(EXCERPTED RECORDS)

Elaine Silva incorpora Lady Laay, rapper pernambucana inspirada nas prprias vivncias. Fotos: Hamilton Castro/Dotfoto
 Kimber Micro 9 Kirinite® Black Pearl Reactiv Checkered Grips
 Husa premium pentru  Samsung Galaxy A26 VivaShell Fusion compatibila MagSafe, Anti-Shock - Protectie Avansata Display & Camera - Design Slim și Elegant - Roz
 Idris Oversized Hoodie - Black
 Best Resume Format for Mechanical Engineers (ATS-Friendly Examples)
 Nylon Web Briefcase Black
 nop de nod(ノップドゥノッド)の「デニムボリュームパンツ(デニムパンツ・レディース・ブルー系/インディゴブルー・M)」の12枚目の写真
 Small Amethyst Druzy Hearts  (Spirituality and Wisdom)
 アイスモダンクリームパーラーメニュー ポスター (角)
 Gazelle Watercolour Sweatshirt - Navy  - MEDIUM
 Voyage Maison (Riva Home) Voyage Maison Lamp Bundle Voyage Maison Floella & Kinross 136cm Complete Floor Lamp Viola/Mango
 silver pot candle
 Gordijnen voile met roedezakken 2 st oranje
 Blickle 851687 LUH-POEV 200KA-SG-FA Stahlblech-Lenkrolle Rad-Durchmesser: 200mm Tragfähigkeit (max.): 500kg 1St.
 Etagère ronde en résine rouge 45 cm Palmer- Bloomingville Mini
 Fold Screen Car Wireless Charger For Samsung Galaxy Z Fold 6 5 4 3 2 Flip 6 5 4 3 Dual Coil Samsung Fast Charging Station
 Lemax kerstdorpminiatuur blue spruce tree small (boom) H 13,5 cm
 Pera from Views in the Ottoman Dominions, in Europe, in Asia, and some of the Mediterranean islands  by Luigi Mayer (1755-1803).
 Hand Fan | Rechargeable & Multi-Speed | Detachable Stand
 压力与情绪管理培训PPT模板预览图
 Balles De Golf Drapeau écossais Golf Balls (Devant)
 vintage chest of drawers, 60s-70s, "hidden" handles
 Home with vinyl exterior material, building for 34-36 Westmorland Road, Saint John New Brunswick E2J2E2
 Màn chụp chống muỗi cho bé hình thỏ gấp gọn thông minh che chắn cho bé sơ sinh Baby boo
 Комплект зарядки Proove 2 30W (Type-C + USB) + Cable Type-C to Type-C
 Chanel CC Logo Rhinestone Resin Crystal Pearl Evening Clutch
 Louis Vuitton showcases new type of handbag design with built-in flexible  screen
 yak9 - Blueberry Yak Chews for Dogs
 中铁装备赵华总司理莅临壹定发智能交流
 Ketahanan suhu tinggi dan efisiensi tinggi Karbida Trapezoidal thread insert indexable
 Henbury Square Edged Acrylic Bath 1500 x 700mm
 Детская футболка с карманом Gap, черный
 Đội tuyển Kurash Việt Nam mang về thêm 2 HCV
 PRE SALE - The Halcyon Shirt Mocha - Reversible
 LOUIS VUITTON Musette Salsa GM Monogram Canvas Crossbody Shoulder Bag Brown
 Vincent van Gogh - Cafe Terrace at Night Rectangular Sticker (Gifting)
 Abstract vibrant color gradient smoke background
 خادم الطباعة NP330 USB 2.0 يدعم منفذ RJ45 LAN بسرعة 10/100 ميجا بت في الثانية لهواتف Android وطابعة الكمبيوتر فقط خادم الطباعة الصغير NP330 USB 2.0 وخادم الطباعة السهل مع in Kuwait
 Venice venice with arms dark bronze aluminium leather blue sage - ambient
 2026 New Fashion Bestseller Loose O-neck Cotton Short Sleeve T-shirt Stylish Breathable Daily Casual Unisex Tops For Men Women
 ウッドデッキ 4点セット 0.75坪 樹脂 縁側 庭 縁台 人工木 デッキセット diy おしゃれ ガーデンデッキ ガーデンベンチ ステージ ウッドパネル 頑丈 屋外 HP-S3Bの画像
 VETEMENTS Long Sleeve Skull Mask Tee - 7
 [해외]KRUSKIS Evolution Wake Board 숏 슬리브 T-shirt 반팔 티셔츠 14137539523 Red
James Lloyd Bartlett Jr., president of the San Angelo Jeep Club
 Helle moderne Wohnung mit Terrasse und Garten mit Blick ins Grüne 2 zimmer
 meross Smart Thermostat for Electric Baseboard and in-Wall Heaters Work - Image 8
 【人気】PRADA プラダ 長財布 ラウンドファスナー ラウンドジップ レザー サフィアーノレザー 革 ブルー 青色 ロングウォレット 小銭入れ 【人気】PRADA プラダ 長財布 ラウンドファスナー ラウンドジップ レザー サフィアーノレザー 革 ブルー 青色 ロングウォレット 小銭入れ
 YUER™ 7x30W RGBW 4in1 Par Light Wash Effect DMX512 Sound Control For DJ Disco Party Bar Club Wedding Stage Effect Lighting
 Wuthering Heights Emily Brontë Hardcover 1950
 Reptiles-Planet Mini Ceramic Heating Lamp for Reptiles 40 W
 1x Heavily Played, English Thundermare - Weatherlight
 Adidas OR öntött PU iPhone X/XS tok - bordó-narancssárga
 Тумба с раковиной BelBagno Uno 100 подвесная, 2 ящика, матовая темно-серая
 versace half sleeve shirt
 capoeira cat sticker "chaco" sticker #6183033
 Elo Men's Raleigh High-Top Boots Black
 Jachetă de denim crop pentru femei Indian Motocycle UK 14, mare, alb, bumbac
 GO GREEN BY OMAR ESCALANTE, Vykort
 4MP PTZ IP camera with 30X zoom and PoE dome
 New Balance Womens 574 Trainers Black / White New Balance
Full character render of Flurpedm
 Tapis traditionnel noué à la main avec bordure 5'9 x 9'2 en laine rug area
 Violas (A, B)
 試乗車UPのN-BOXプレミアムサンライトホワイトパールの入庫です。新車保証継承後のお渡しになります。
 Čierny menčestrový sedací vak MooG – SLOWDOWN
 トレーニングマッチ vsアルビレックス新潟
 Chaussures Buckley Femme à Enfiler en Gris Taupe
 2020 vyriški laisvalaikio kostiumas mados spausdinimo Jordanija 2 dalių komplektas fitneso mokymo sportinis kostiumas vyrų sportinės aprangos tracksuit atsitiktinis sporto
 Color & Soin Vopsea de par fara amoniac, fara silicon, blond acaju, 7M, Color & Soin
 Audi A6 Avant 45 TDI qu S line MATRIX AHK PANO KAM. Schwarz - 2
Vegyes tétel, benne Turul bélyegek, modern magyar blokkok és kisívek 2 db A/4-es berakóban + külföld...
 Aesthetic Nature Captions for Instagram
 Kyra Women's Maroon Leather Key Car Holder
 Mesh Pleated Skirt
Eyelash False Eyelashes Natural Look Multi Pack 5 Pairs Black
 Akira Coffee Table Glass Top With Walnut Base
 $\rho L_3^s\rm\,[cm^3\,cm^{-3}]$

(End EXCERPTED RECORDS)

Above are some lines. Repeat exactly, and only, those from the line that has "Fold Screen Car" through the line that has "PRE SALE - The".

RESPONSE BOX -
 Fold Screen Car Wireless Charger For Samsung Galaxy Z Fold 6 5 4 3 2 Flip 6 5 4 3 Dual Coil Samsung Fast Charging Station
 Lemax kerstdorpminiatuur blue spruce tree small (boom) H 13,5 cm
 Pera from Views in the Ottoman Dominions, in Europe, in Asia, and some of the Mediterranean islands  by Luigi Mayer (1755-1803).
 Hand Fan | Rechargeable & Multi-Speed | Detachable Stand
 压力与情绪管理培训PPT模板预览图
 Balles De Golf Drapeau écossais Golf Balls (Devant)
 vintage chest of drawers, 60s-70s, "hidden" handles
 Home with vinyl exterior material, building for 34-36 Westmorland Road, Saint John New Brunswick E2J2E2
 Màn chụp chống muỗi cho bé hình thỏ gấp gọn thông minh che chắn cho bé sơ sinh Baby boo
 Комплект зарядки Proove 2 30W (Type-C + USB) + Cable Type-C to Type-C
 Chanel CC Logo Rhinestone Resin Crystal Pearl Evening Clutch
 Louis Vuitton showcases new type of handbag design with built-in flexible  screen
 yak9 - Blueberry Yak Chews for Dogs
 中铁装备赵华总司理莅临壹定发智能交流
 Ketahanan suhu tinggi dan efisiensi tinggi Karbida Trapezoidal thread insert indexable
 Henbury Square Edged Acrylic Bath 1500 x 700mm
 Детская футболка с карманом Gap, черный
 Đội tuyển Kurash Việt Nam mang về thêm 2 HCV
 PRE SALE - The Halcyon Shirt Mocha - Reversible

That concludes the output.